以上14隻(うち保存船3隻)。どうです、名前の知っている船がずいぶんあるのではないでしょうか?
さらには、つい最近まで解体されたと日本では思われていた「ぶらじる丸」のような例もありますので、本当はもう1〜2隻多いかもしれません。
自慢ではありませんがわたしはこのうち、8隻をこの目で見たことがあります。エヘン!(ってしっかり自慢してるし・・・)
そのほか、本の中には「クイーン・アンナマリア」のようにピースボートの「ザ・トパーズ」としてこのあいだまで現役で、しかも日本人になじみの深かった船も載っています。
また、外国航路の客船だけでなく、「さんふらわあ」(初代)や「フェリー阪九」「橘丸」と言ったような懐かしい国内航路の客船・フェリーも多数掲載。
「タイタニック」「浅間丸」に代表される戦前の太平洋・大西洋航路の花形客船を紹介するページもたくさんあります。
古い客船に興味をもたれた方はぜひ、古本屋さんやネット通販で探してみてください。
表紙の「プレジデント・ウィルソン」のデッキの写真ももちろんですが、先代「オリアナ」の大桟橋出港風景など、涙無しでは見られません(ってかなり大げさ)

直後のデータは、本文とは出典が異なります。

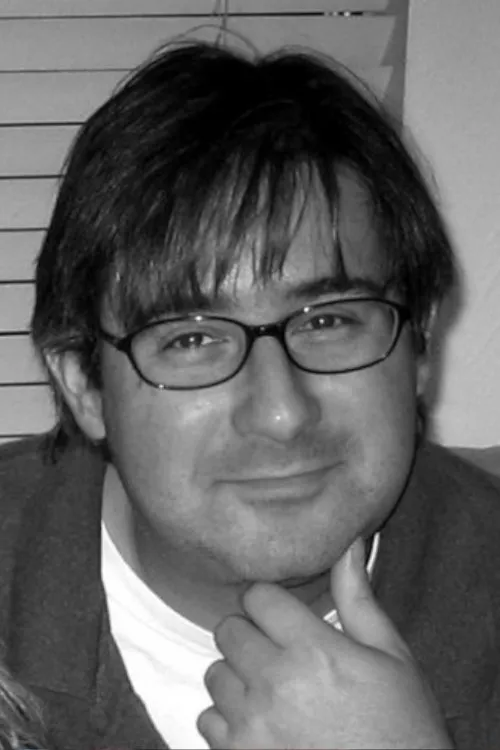 Lisa Lyon ha trabajado con Larry Spinak en 1 ocasiones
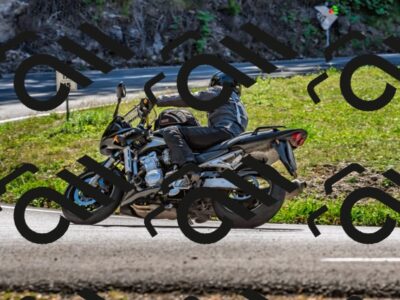 202509201253-DSC_1223_d2_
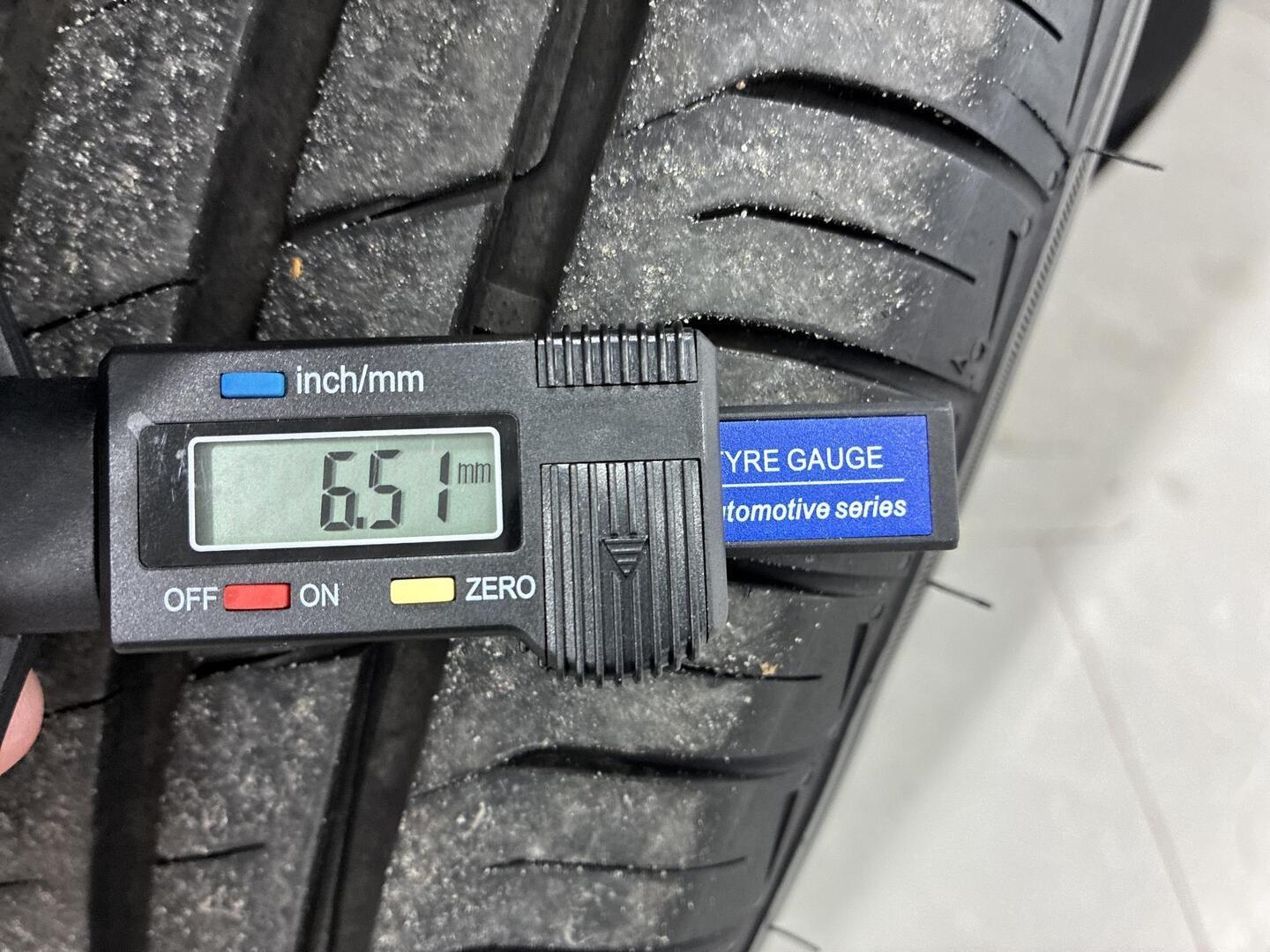NISSAN Qashqai 2018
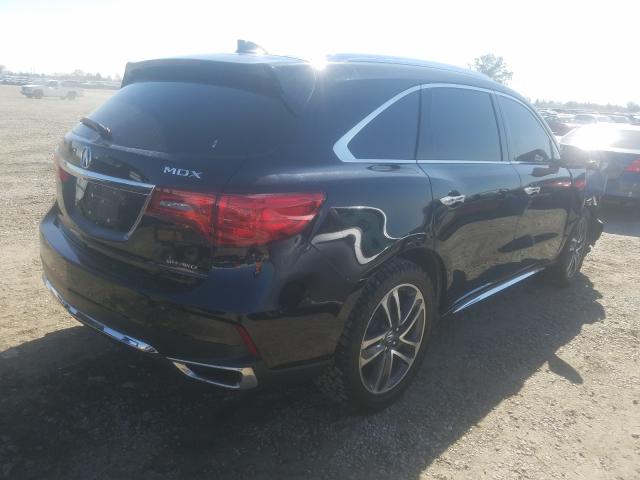 5FRYD4H91HB043310  acura  2017 IMG 3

初版本持ってます。ビニールカバーつき。(物持ちいいなあ・・)
コメントを送ったら、野間様から丁寧なお手紙を頂き、本はさんであります。
当時は船の本は少なかったです。
APLのマークの4ッ星が今はありませんが、どうしたのだろう??疑問です。
たかまる
歴史ある愛読書を拝見いたしました。
二冊目を手に入れたくらいですからその愛着ぶりはさぞやと
想像いたし、奥床しいことです。
根っからの船好きなのですね。
ただ乗っていればいいという当方とは全く次元が違う...
今更に思い知らされています。素敵なことです!
絵としてもポチ論!です!
こじ太郎さん、鉄道シリーズは各私鉄があって充実していましたね。
わたしもこのほかに何冊か持っていました。「熱帯魚」とか「自動車」とか・・・懐かしいです。
とんとんしゃん、ポチありがとうございます。
のーむさん、その「世界の客船」も持っていました!もちろん、今は現存していません(泣)

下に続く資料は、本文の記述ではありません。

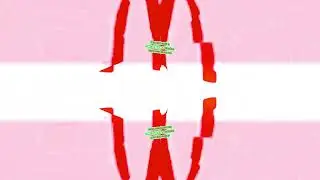 Mcdonalds Ident 2016 Effects Round 4 vs Everyone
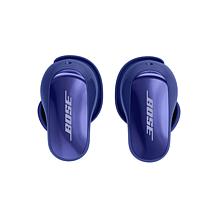 Bose QuietComfort Ultra Earbuds Gen 2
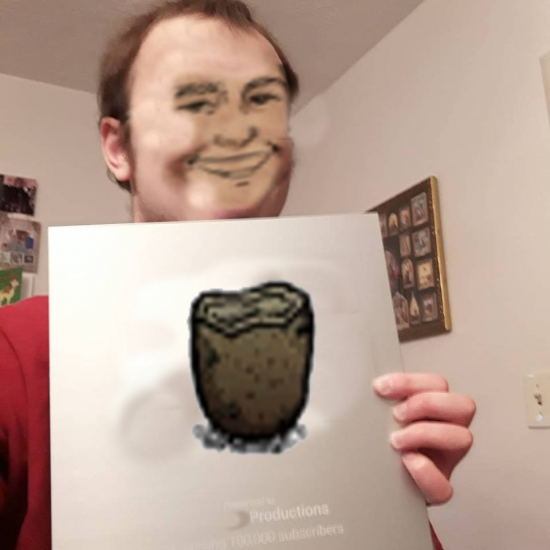 um2.thumb.png.0ebe230726ed538e83a4a23adefa23f5.png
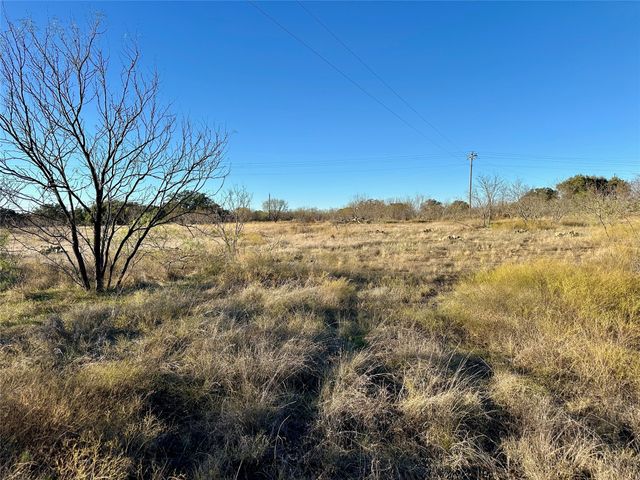 2300 Fm 590 S, Zephyr, TX 76890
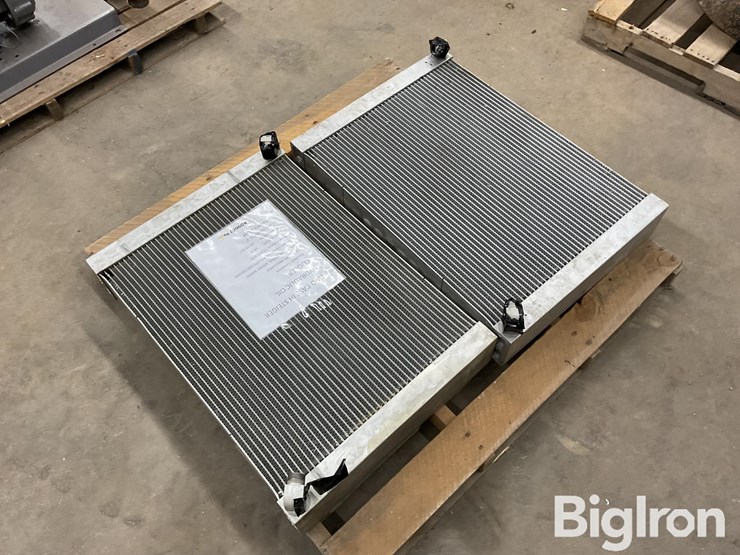 new-holland-615-image-7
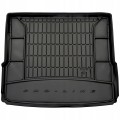 Коврик в багажник FROGUM BMW X1 (F48) 2015-... / TM405172, цена: 1 804 грн.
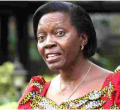 Martha Karua Faults Uhuru for Sidelining Ruto, Says the Two Should Resign  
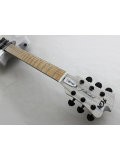 JFL-FT-ASH-DE664-M FLAME DARK EVOLUTION SERIES (TWF), зображення 7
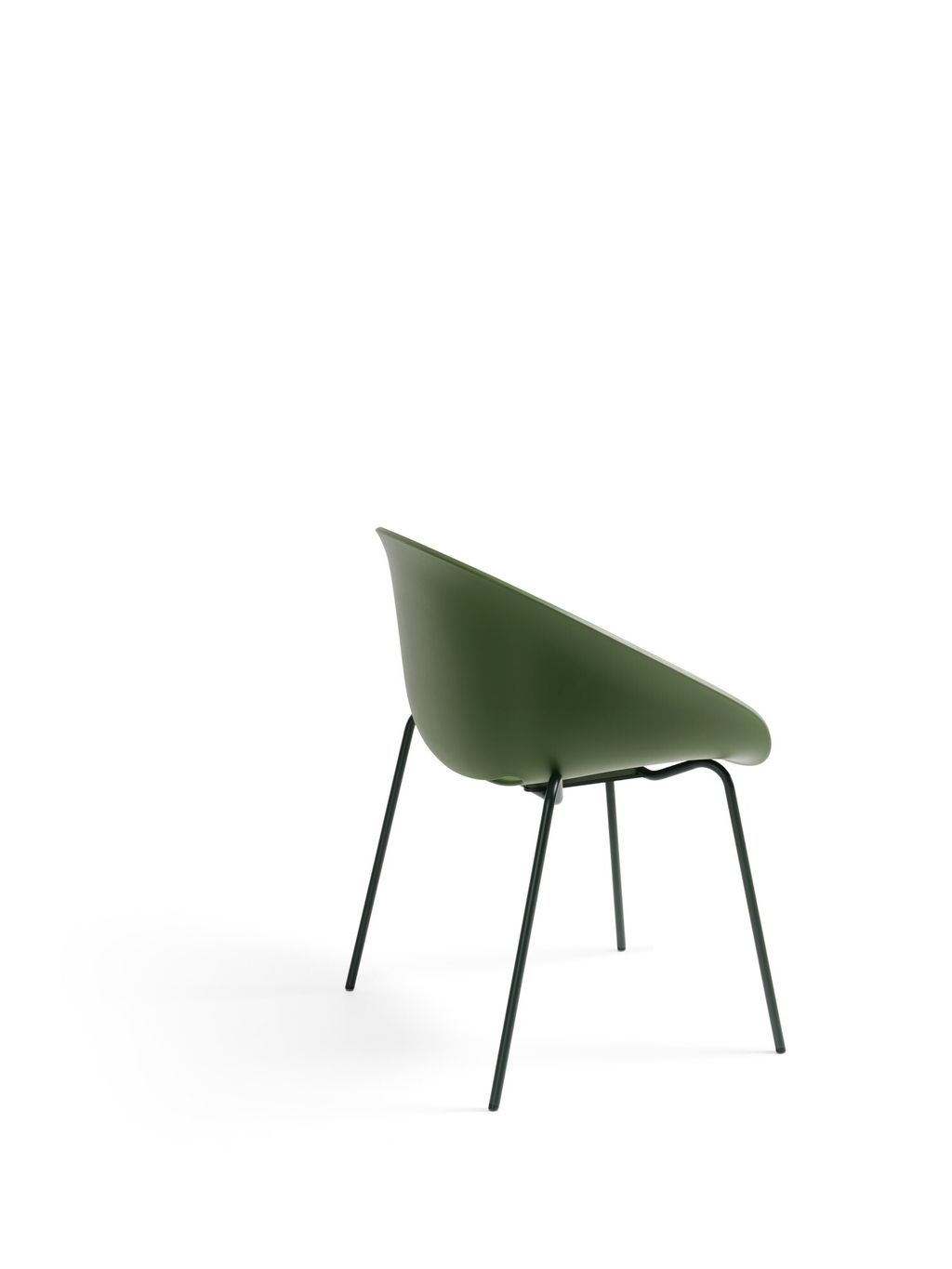 Artifort_BesoCirculo_armchair_1C_HR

わたしが結婚するときにほとんどの書物とレコード(古っ!)を処分してしまったのでその中に含まれていたのではないかと思います。
でも「ノルウェー」や「QE2」の写真は覚えています。
また機会があったら眺めてみたいですね。
音実さん、ポチありがとうございます。思ったよりも現存しているものです。
ジムニーさん、「オリアナ」のウィスキーボトルってどんなものか凄く気になります。ブログにアップしてくださいませ。
小野勇雄さん、本当に小さいですが中身は極上な本ですね。
「明華」はよく日本にも来ていましたが、現存しているなら見に行ってみたいですね。
「アテナ」もぜひ来日してもらいたいものです。
たかまるさんもやっぱり持ってましたか!
当時の客船好きのバイブルのような本でしたからねぇ・・・
そういえば最近のAPLのコンテナ船を見ていてもイーグルマークのまわりの星4つがありませんね。
なにか意味があるのだと思いますが・・・
らつ子さん、逆に高嶺の花で乗ることが出来ないがゆえにこういった本で想像を膨らませて喜んでいたわけです。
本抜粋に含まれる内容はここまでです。